2023 User Research Highlights
Oxidation and hydrogenation of monolayer MoS2 with compositing agent under environmental exposure: The ReaxFF Mo/Ti/Au/O/S/H force field development and applications

Project Summary: 2D MoS2 is well known for its ultralow friction and high wear resistance in vacuum or dry conditions, whereas it exhibits poor oxidation resistance at elevated temperatures or in humid air. The problems can be effectively resolved through adding compositing agents, such as Ti, Au, Sb2O3, etc. Hereby, we develop a new ReaxFF force field for Mo, Ti, Au, O, S, and H interactions, and then we apply the force field in a series of molecular dynamics (MD) simulations to unravel the impact of the Ti dopant on the oxidation/hydrogenation behaviors of MoS2 surface. In the absence of Ti clusters, MoS2 surface is ruptured and oxidized at elevated temperatures through a process of adsorption followed by dissociation of the O2 molecules on the surface. When exposed to H2O molecules, surface hydrogenation of MoS2 is most favored, followed by oxidation, then hydroxylation. The presence of Ti clusters mitigates the oxidation/hydrogenation of MoS2 at a low or intermediate temperature by capturing O2/H2O molecules and locking the O/H-related radicals inside the clusters. However, OH and H3O+ are emitted from the Ti clusters in the H2O environment as temperature rises, and the accelerating hydrogenation of MoS2 is consequently observed at an ultra-high temperature. These findings indicate an important but complex role of Ti dopants in mitigating the oxidation and hydrogenation of MoS2 under different environmental exposures. The mechanisms of oxidation/hydrogenation revealed by MD can give an insight to the design of oxidation resistant TMDs and are useful to optical, electronic, magnetic, catalytic, and energy harvesting industries.
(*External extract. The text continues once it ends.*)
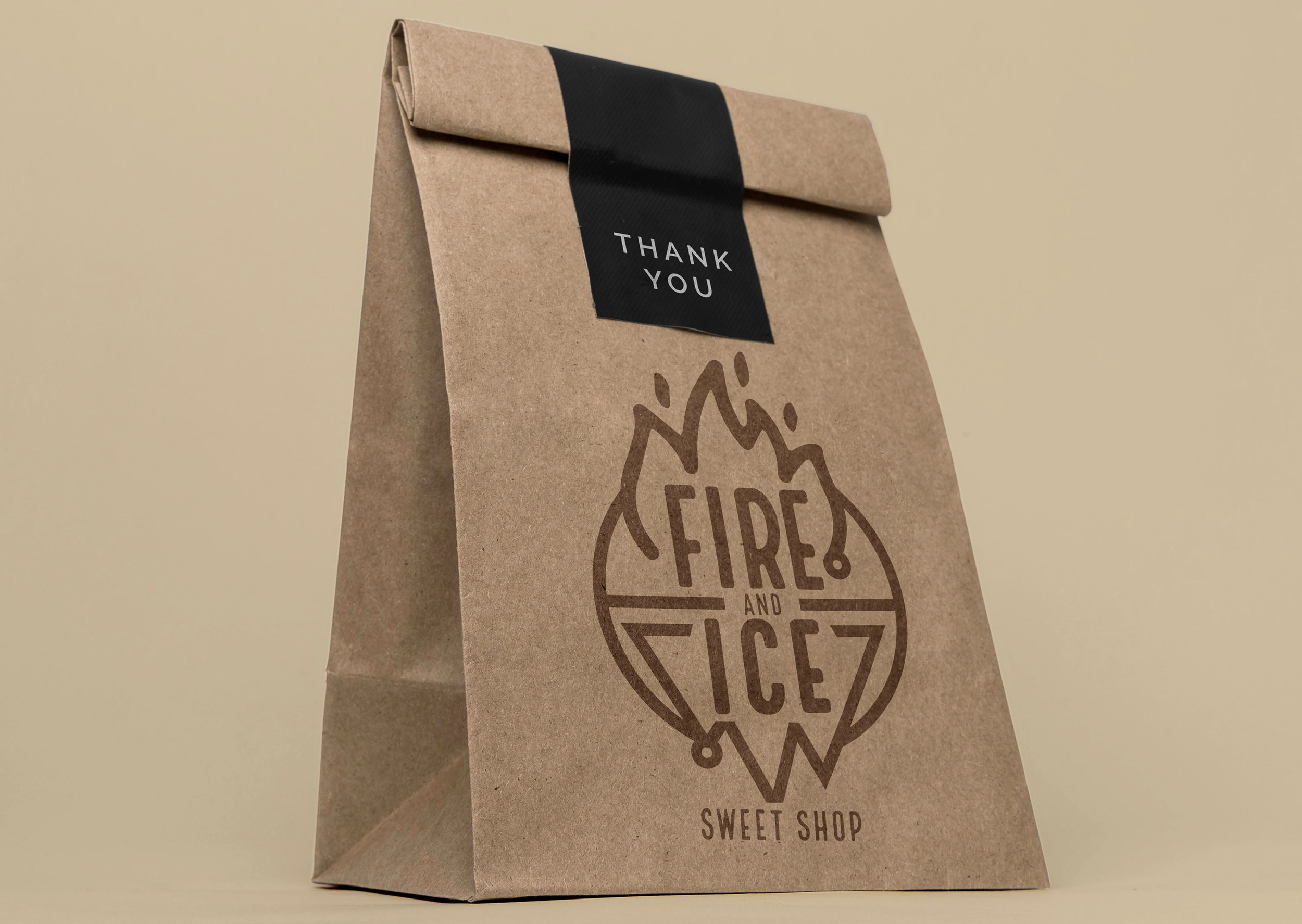 A brown paper bag with a black thank you sticker on top, displaying a logo of a mountain shape with walking figures, and the words 'Sweet Shop' below.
2DCC Role: The ReaxFF force field training and MD simulations were performed by using 2DCC allocations on the PSU’s ICDS-ACI cluster. The close collaboration between 2DCC researchers and the users enable this achievement.

What Has Been Achieved: In this work, we have developed a new ReaxFF reactive force field for Mo, Ti, Au, O, S, and H (ReaxFF Mo/Ti/Au/O/S/H-2022) to investigate the role of Ti clusters in preventing the oxidation and hydrogenation of a monolayer MoS2 surface in O2- and H2O-rich environments. Our ReaxFF molecular dynamics (MD) simulations reveal the oxidation and hydrogenation mechanisms for the MoS2 surfaces exposed to O2 and H2O environments with and without the presence of Ti clusters.

Importance of the Achievement: The newly developed ReaxFF force field opens an opportunity for understanding the Mo/Ti/Au/O/S/H interactions of MoS2-gas interfaces for the 2D materials modeling society. The subsequent MD simulations uncover the impact of the Ti dopant on the oxidation/hydrogenation behaviors of MoS2 surface. The MD results provide a theoretical basis for engineering the oxidation and anti-oxidation properties of MoS2 thin films and other transition metal dichalcogenides, which can benefit 2D material designs in automotive, aerospace, semiconductor, and nanotechnology industries.

Unique Feature(s) of the MIP that Enabled this Achievement: 2DCC-MIP’s allocations on the PSU’s Institute for Computational and Data Sciences -  Advanced Cyber Infrastructure (ICDS-ACI) cluster enable the ReaxFF force field training and the series of MD simulations for this work.

Publication: Qian Mao, Yuwei Zhang, Malgorzata Kowalik, Nadire Nayir, Michael Chandross, Adri C.T. van Duin. Oxidation and Hydrogenation of Monolayer MoS2 with Compositing Agent under Environmental Exposure: The ReaxFF Mo/Ti/Au/O/S/H Force Field Development and Applications. Frontiers in Nanotechnology 4, 1034795 (2022). https://doi.org/10.3389/fnano.2022.1034795.

Acknowledgments: The authors acknowledge the funding from the National Science Foundation 2D Crystal Consortium Materials Innovation Platform (NSF 2DCC-MIP) under cooperative agreement DMR-1539916. Computations for this research were performed on the 2DCC-MIP allocations through PSU’s Institute for Cyber Science Advanced Cyber Infrastructure (ICS-ACI) through 2DCC allocations. This work was funded by the Laboratory Directed Research and Development program at Sandia National Laboratories, a multi-mission laboratory managed and operated by National Technology and Engineering Solutions of Sandia, LLC., a wholly owned subsidiary of Honeywell International, Inc., for the US. Department of Energy’s National Nuclear Security Administration under contract DE-NA0003525. Any subjective views or opinions that might be expressed in the paper do not necessarily represent the views of the US. Department of Energy or the United States Government.